Mol Plant. 2018 Sep 10;11(9):1210-1213. doi: 10.1016/j.molp.2018.05.005. Epub 2018 May 29.
10
Abscisic Acid Signaling Inhibits Brassinosteroid Signaling through Dampening the Dephosphorylation of BIN2 by ABI1 and ABI2.脱落酸信号通过抑制 ABI1 和 ABI2 对 BIN2 的去磷酸化来抑制油菜素内酯信号。
Mol Plant. 2018 Feb 5;11(2):315-325. doi: 10.1016/j.molp.2017.12.013. Epub 2017 Dec 22.

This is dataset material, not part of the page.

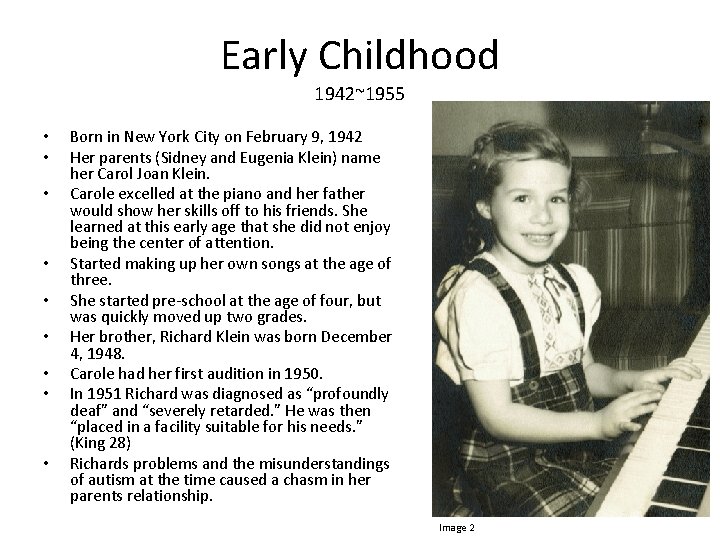 Early Childhood 1942~1955 • • • Born in New York City on February 9,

转录枢纽 SHORT INTERNODES1 整合激素信号,协调水稻生长发育。

The transcriptional hub SHORT INTERNODES1 integrates hormone signals to orchestrate rice growth and development.

机构信息

State Key Laboratory of Crop Genetics and Germplasm Enhancement and Utilization, Jiangsu Plant Gene Engineering Research Center, Nanjing Agricultural University, Nanjing 210095, China.

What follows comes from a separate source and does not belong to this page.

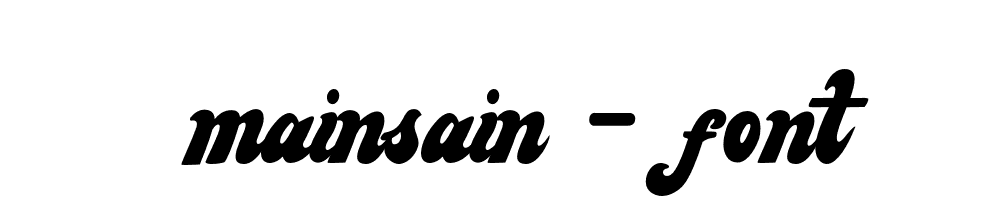 Mainsain Font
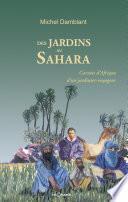 Des jardins au Sahara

State Key Laboratory of Crop Gene Resources and Breeding, Institute of Crop Sciences, Chinese Academy of Agricultural Sciences, Beijing 100081, China.

出版信息

Plant Cell. 2023 Aug 2;35(8):2871-2886. doi: 10.1093/plcell/koad130.

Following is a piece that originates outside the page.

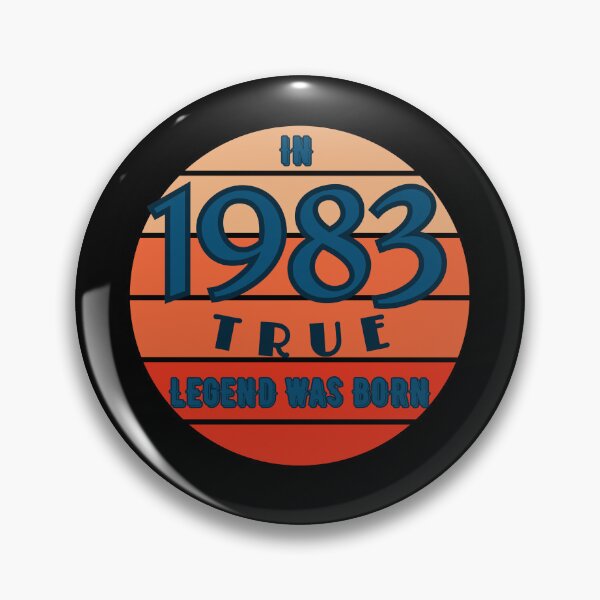 Item preview, In 1983 True Legend Was Born. Born in 1983.  designed and sold by EdytaGister.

DOI:10.1093/plcell/koad130
PMID:37195873
原文链接:https://pmc.ncbi.nlm.nih.gov/articles/PMC10396361/
Abstract

Plants have evolved sophisticated mechanisms to coordinate their growth and stress responses via integrating various phytohormone signaling pathways. However, the precise molecular mechanisms orchestrating integration of the phytohormone signaling pathways remain largely obscure. In this study, we found that the rice (Oryza sativa) short internodes1 (shi1) mutant exhibits typical auxin-deficient root development and gravitropic response, brassinosteroid (BR)-deficient plant architecture and grain size as well as enhanced abscisic acid (ABA)-mediated drought tolerance. Additionally, we found that the shi1 mutant is also hyposensitive to auxin and BR treatment but hypersensitive to ABA. Further, we showed that OsSHI1 promotes the biosynthesis of auxin and BR by activating the expression of OsYUCCAs and D11, meanwhile dampens ABA signaling by inducing the expression of OsNAC2, which encodes a repressor of ABA signaling. Furthermore, we demonstrated that 3 classes of transcription factors, AUXIN RESPONSE FACTOR 19 (OsARF19), LEAF AND TILLER ANGLE INCREASED CONTROLLER (LIC), and OsZIP26 and OsZIP86, directly bind to the promoter of OsSHI1 and regulate its expression in response to auxin, BR, and ABA, respectively. Collectively, our results unravel an OsSHI1-centered transcriptional regulatory hub that orchestrates the integration and self-feedback regulation of multiple phytohormone signaling pathways to coordinate plant growth and stress adaptation.

摘要

植物已经进化出复杂的机制,通过整合各种植物激素信号通路来协调生长和应激反应。然而,精确的分子机制协调植物激素信号通路的整合在很大程度上仍然不清楚。在这项研究中,我们发现水稻(Oryza sativa)短节间 1(shi1)突变体表现出典型的生长素缺乏型根发育和向重力性反应、油菜素内酯(BR)缺乏型植物结构和粒大小以及增强的脱落酸(ABA)介导的耐旱性。此外,我们还发现 shi1 突变体对生长素和 BR 处理的反应也较低,但对 ABA 的反应较高。进一步,我们表明 OsSHI1 通过激活 OsYUCCAs 和 D11 的表达来促进生长素和 BR 的生物合成,同时通过诱导 ABA 信号转导抑制剂 OsNAC2 的表达来抑制 ABA 信号转导。此外,我们还证明了 3 类转录因子,AUXIN RESPONSE FACTOR 19(OsARF19)、LEAF AND TILLER ANGLE INCREASED CONTROLLER(LIC)和 OsZIP26 和 OsZIP86,直接结合到 OsSHI1 的启动子上,并分别响应生长素、BR 和 ABA 调节其表达。总之,我们的结果揭示了一个以 OsSHI1 为中心的转录调控枢纽,协调了多种植物激素信号通路的整合和自我反馈调节,以协调植物的生长和应激适应。